D’où proviennent les émissions de méthane ?
Selon le bilan publié en 2020 par le Global Carbon Project (GCP), les émissions de méthane seraient à hauteur de 37 % d’origine naturelle et de 63 % d’origine humaine (figure 3). L’exploitation et l’usage des énergies fossiles pèseraient pour près de 20 % dans ce décompte, sur un total de 576 Mt de CH4 émis par an en moyenne.
Fort heureusement, les capacités d’absorption naturelle du méthane, liées à ses divers processus de dégradation, sont importantes et sont estimées, pour l’instant, par le GCP à 97 % des émissions.
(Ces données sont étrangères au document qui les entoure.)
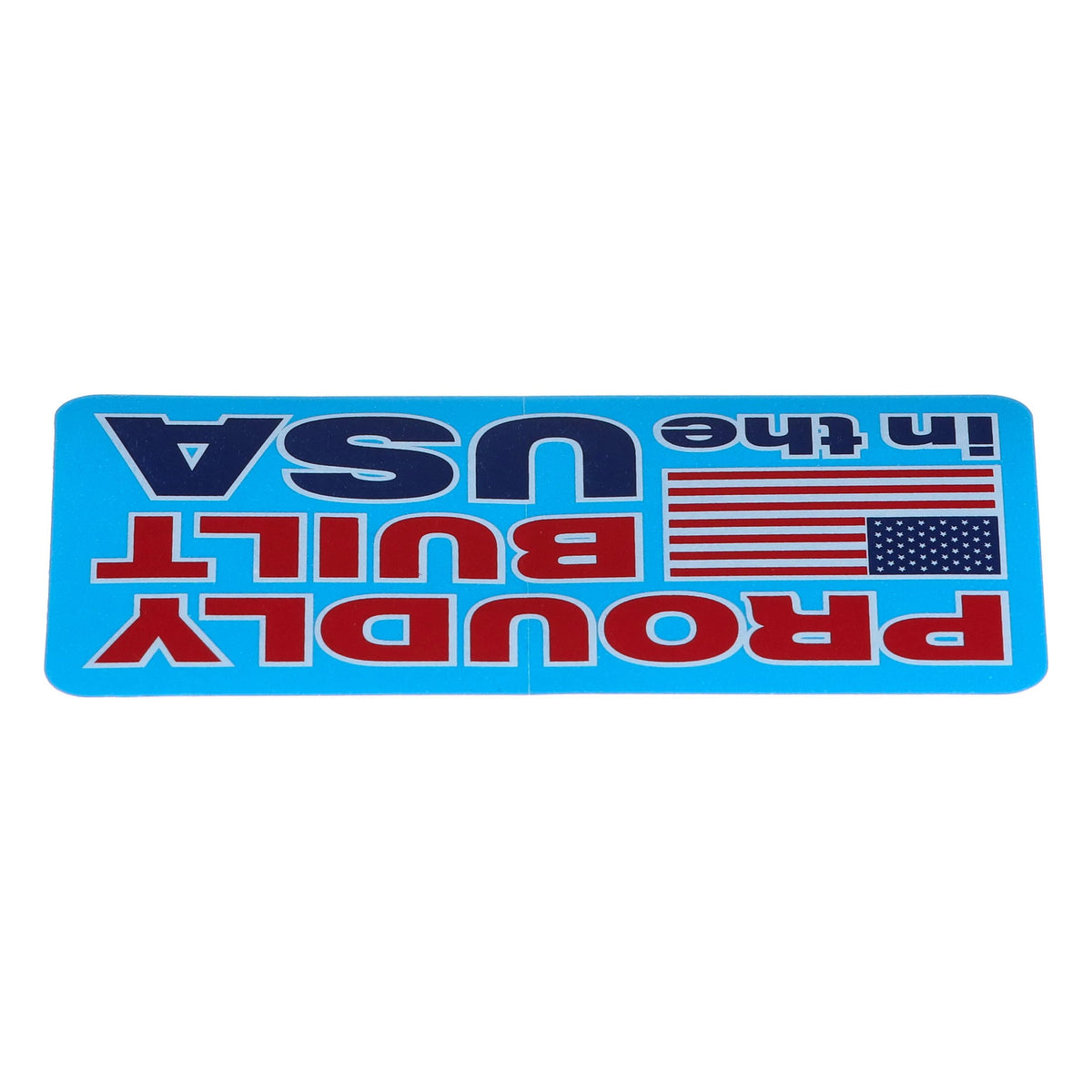 51445937 - OEM DECAL - CASE CONSTRUCTION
Mais la balance entre les deux chiffres est nécessairement instable et une augmentation des émissions, en provenance des énergies fossiles notamment, peut entraîner un très fort accroissement des quantités résiduelles.
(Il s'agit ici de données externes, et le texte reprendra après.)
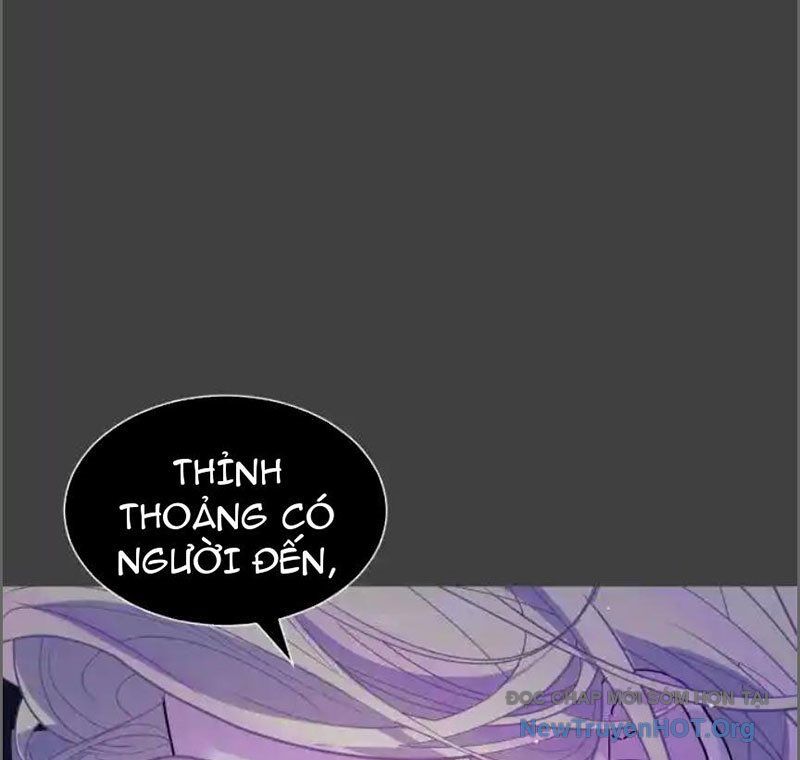 Cuốn Sổ Sinh Tử Chapter 10 - Trang 2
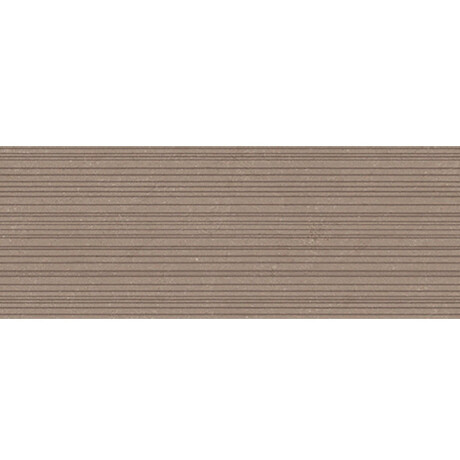 CERAMICA PARA PARED DE 45X120 MARRON ESMALTADO RECTIFICADO SERIE NEWARK PORCELANOSA GAMAS DE MARRON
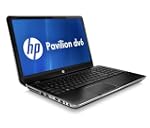 HP Envy dv6-7250ca 15.6-Inch Notebook...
Les émissions du secteur des hydrocarbures
Selon l’Agence internationale de l’énergie4, 60 % des 72 Mt de méthane émis par les secteurs gazier et pétrolier proviendraient des fuites sur la chaîne gazière, les 40 % restants étant liés à la production de pétrole.
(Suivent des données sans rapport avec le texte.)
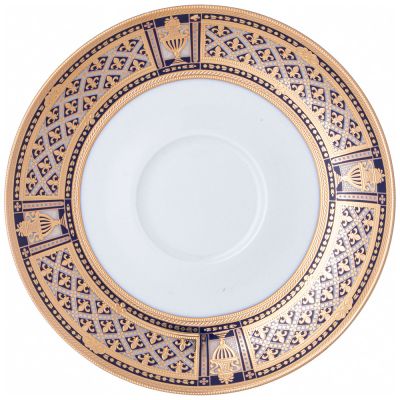 ЧАЙНЫЙ СЕРВИЗ LEFARD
Toujours selon l’AIE, la répartition de ces fuites entre les principaux pays responsables serait celle de la figure 4. une part croissante peut être repérée par le satellite Sentinel- 5P de l’Agence spatiale européenne. Elles pèsent lourdement dans le bilan carbone du méthane à l’utilisation. Aujourd’hui, dans le chiffre de 244 g de CO2eq retenu par la Base carbone de l’ADEME comme contenu en CO2 du gaz naturel utilisé pour le chauffage, seuls 13,6 g de CO2eq sont supposés provenir des fuites de méthane dans les circuits amont de production et distribution du gaz. Ce chiffre mérite d’être discuté. En effet, un taux de fuite de 1 % sur l’ensemble de la chaîne suffit à expliquer un contenu en CO2eq dans le gaz naturel utilisé de 25 à 64 g/kWh selon que l’on raisonne à 100 ou 20 ans.
Les fuites de méthane ne sont pas seulement d’origine fossile
Le biométhane, résultant de la méthanisation de divers substrats biologiques, fait partie des voies préconisées pour sortir de la dépendance aux énergies fossiles et parvenir à la neutralité carbone. Malheureusement, les méthaniseurs et leurs installations annexes ne sont pas à l’abri de fuites de méthane. Trop peu de données sont aujourd’hui disponibles sur cette question. Une étude danoise datant de 2013 a montré que les émissions de méthane liées à la production de biogaz variaient, selon les installations de 0 % à 10 %. Le chiffre de 10 % est évidemment considérable mais peut résulter, de façon plausible, de fuites sur l’installation et/ou de négligences dans sa gestion, notamment en ce qui concerne l’utilisation faite des digestats. La Base carbone de l’ADEME propose un contenu carbone du biométhane injecté dans les réseaux de 23,4 g de CO2eq par kWh, ce qui correspond à un taux de fuite compris entre 0,35 % et 1 %. Une telle hypothèse semble très optimiste et devrait faire l’objet d’analyses plus approfondies.
En conclusion
La question du méthane doit aujourd’hui faire l’objet d’une attention accrue, eu égard au rôle du méthane dans la problématique du réchauffement climatique. Les émissions tout au long de la chaîne du gaz naturel doivent continuer à être réduites et le prix actuel du gaz y invite fortement. Le problème de la méthanisation et du biogaz va prendre une importance croissante du fait de l’intérêt que l’on porte au biogaz en tant que solution de décarbonation. La responsabilité de la filière biogaz dans les émissions de méthane doit être examinée avec attention et, avant d’envisager son développement à grande échelle, il conviendrait de mettre en place des mécanismes de contrôle qui viennent sanctionner les installations exploitées de façon négligente sans qu’il soit porté préjudice à l’ensemble de la filière.
- Groupe d’experts intergouvernemental sur l’évolution du climat.
- IPCC AR5 WG1 Ch8 2013 – Page 714.
- En fait, ce calcul sous-estime l’impact du méthane sur le climat. Car le méthane est transformé par oxydation en ozone et en vapeur d’eau qui amplifient
le réchauffement climatique. En tenant compte de ces effets indirects, il est considéré que le méthane est à l’origine de 30 % du réchauffement climatique
(source : Collège de France). - Driving down methane leaks from the oil and gas industry (IEA – janvier 2021).